- Born: Katerina Georgiadou 1982 (age 43–44) Thessaloniki, Greece
- Modeling information
- Height: 1.73 m (5 ft 8 in)
- Hair color: Blond
- Eye color: Blue

= Katerina Georgiadou =

Greek model

Katerina Georgiadou (Κατερίνα Γεωργιάδου) (born 1982 in Thessaloniki, Greece) is a Greek model and beauty pageant titleholder. She has appeared in fashion magazines and international events.

Beyond her modeling career, she featured in the 2015 film "Bourek," the 2019 short "Chick 'n' Fox," and the 2021 podcast series "Apo anatolika."

==Background==
Georgiadou lives in Argyroupoli (Greek: Αργυρούπολη).

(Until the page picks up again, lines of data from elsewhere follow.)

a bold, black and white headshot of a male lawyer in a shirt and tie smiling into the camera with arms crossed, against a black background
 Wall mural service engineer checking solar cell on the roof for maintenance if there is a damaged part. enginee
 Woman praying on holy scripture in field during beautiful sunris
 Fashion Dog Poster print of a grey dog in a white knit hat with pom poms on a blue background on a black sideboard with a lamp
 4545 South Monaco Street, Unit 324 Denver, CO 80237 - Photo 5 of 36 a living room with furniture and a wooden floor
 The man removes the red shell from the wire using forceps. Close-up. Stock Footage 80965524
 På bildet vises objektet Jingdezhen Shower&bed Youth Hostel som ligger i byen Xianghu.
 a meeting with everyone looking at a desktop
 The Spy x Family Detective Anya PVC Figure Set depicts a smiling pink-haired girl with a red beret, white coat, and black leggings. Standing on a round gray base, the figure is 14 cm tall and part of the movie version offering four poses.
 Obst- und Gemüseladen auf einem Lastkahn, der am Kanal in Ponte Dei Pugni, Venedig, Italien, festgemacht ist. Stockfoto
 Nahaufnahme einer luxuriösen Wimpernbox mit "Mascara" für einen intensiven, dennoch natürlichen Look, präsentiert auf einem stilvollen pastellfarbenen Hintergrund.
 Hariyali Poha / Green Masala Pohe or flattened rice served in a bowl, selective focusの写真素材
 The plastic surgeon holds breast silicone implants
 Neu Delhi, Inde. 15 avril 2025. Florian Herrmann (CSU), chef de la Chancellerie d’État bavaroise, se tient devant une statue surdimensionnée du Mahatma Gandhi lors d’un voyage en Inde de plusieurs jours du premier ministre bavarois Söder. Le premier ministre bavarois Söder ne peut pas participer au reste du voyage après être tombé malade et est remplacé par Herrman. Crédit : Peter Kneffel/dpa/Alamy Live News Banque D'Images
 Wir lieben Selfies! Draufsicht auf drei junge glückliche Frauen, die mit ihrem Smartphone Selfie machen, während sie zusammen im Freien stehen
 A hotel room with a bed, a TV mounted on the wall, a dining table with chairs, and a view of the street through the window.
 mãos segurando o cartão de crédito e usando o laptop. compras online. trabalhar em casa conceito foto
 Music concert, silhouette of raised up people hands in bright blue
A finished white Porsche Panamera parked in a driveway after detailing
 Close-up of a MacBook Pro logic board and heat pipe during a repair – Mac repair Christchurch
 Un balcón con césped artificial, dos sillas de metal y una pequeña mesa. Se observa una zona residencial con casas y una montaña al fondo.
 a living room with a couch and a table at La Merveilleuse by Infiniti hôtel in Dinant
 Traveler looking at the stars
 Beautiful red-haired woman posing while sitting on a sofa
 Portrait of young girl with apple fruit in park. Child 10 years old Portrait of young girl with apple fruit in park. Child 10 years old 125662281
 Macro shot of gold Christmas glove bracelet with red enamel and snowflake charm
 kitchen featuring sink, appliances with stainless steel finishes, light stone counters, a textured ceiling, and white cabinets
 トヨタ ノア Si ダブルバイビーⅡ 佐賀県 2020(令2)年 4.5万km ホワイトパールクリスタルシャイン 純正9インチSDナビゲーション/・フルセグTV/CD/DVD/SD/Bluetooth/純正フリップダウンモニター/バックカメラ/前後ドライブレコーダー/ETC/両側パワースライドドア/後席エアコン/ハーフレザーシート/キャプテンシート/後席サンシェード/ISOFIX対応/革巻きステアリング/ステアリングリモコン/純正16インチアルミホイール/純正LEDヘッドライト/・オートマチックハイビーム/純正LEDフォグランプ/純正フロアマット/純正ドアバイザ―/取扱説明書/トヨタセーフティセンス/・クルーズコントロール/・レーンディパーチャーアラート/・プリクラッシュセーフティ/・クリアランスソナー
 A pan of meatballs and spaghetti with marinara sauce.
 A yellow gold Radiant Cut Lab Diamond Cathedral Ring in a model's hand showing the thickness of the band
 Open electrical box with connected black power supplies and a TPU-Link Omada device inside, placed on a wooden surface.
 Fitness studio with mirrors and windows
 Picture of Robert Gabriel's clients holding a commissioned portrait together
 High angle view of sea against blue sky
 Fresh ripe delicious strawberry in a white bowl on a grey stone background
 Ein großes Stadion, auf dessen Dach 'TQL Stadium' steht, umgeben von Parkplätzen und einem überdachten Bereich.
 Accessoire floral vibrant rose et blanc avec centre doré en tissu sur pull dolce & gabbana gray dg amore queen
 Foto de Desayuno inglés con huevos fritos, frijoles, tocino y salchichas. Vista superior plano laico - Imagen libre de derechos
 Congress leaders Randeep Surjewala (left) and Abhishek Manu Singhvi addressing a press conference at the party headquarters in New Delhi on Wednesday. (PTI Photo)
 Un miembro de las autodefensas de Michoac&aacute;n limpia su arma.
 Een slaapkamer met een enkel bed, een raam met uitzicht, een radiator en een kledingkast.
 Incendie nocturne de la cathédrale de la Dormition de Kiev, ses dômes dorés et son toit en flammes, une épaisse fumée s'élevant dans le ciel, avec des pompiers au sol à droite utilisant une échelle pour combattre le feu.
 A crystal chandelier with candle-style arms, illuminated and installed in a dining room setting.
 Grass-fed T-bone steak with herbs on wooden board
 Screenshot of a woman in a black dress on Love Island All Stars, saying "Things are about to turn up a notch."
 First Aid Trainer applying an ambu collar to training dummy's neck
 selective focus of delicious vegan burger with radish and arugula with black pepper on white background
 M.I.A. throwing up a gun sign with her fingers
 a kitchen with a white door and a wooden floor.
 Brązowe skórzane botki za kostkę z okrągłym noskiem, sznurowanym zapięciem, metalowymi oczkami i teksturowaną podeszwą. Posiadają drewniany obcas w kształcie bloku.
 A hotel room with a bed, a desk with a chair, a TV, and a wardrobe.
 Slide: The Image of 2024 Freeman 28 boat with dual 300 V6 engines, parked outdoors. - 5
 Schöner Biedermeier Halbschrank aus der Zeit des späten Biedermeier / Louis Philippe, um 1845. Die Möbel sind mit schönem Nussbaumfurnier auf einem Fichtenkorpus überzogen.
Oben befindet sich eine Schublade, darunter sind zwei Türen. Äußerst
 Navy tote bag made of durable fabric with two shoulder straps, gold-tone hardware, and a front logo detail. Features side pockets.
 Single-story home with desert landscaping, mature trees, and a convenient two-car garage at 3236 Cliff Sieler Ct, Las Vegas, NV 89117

She studied classical ballet and gymnastics for eight years at the University of Gymnastics in Athens. Upon her engagement to Stathis Tavlaridis in 2007, it was announced that she would give up modeling, and the couple married in 2009. They have a daughter named Anastasia. The couple divorced in 2014.

==Career==
Georgiadou won the 2002 title of Miss Hellas (Miss Ελλάς) at the Miss Star Hellas pageant and went on to represent her country as Miss Greece in the Miss World pageant held in London. The pageant originally was going to be held in Abuja, Nigeria but was moved to London when violence broke out and more than 100 people died in riots provoked by the contest when existing religious tensions between Christians and Muslims erupted.

She was also a volunteer at the 2004 Summer Olympics.